Physical activity strengthens team cohesion and improves the social atmosphere
Taking part in sports challenges together, whether this involves counting steps, running, cycling or swimming, encourages employees to have more interaction with one another, as well as to enter into contact with staff they wouldn’t normally meet in their daily professional lives. Taking part in sport breaks down barriers within the company and acts as lever for team building, which ultimately contributes to reducing absenteeism.
Physical activity in the workplace improves the corporate brand
The attractiveness of companies that implement a wellness programme increases significantly. They are perceived as caring for their employees, as being dynamic, modern, innovative and attractive. ² Young people are particularly sensitive to the implementation of such programmes and tend to have lower absenteeism rates. These results are confirmed even in the years following recruitment, when absenteeism rates are usually higher on average.
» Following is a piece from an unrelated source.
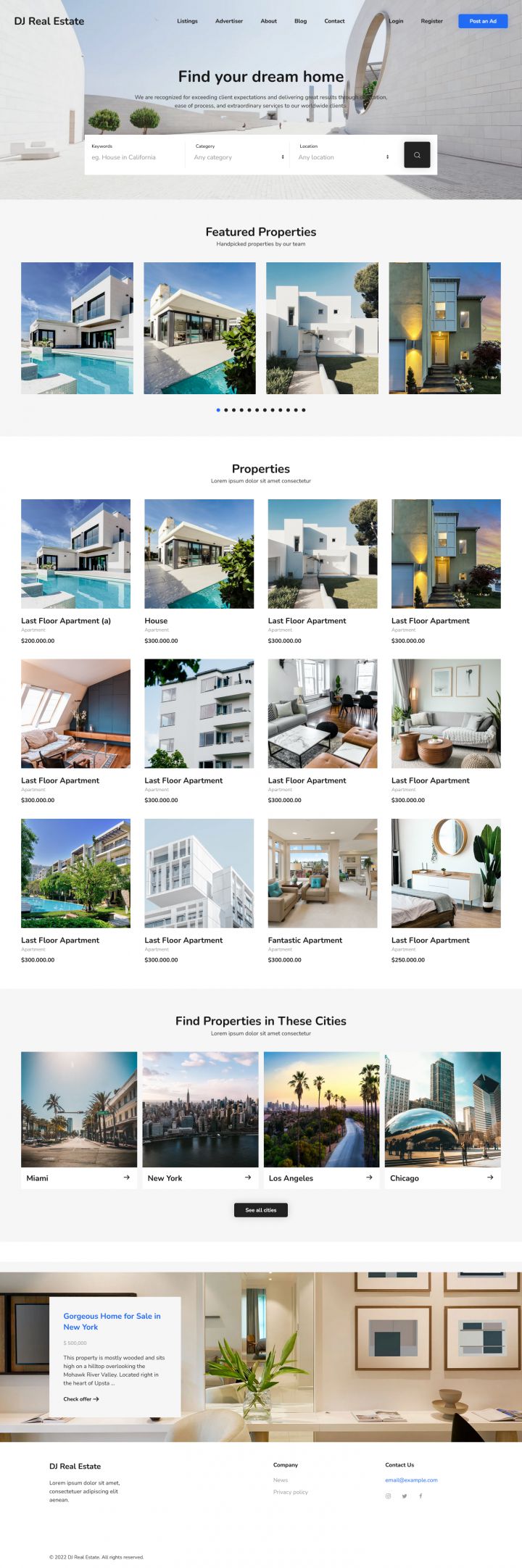 Joomla шаблон DJ-Realestate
Physical activity (also) reduces staff turnover
Well-being programmes also aim to build staff loyalty in the medium and long term by improving the general working environment and helping employees find a better work-life balance. Absences and early departures are significantly reduced, provided that active wellness programmes are maintained over time.
Physical activity contributes to increased productivity
There are more and more studies on the link between productivity and well-being at work: it has now been shown that a happy and fully-integrated employee is more involved, productive and creative. Through the combined effect of action on physical health, mental health, social life and stress reduction, sport at work contributes to improving productivity but also increasing the feeling of job satisfaction, which has a lasting impact on employee engagement. Move more, work better, a real programme.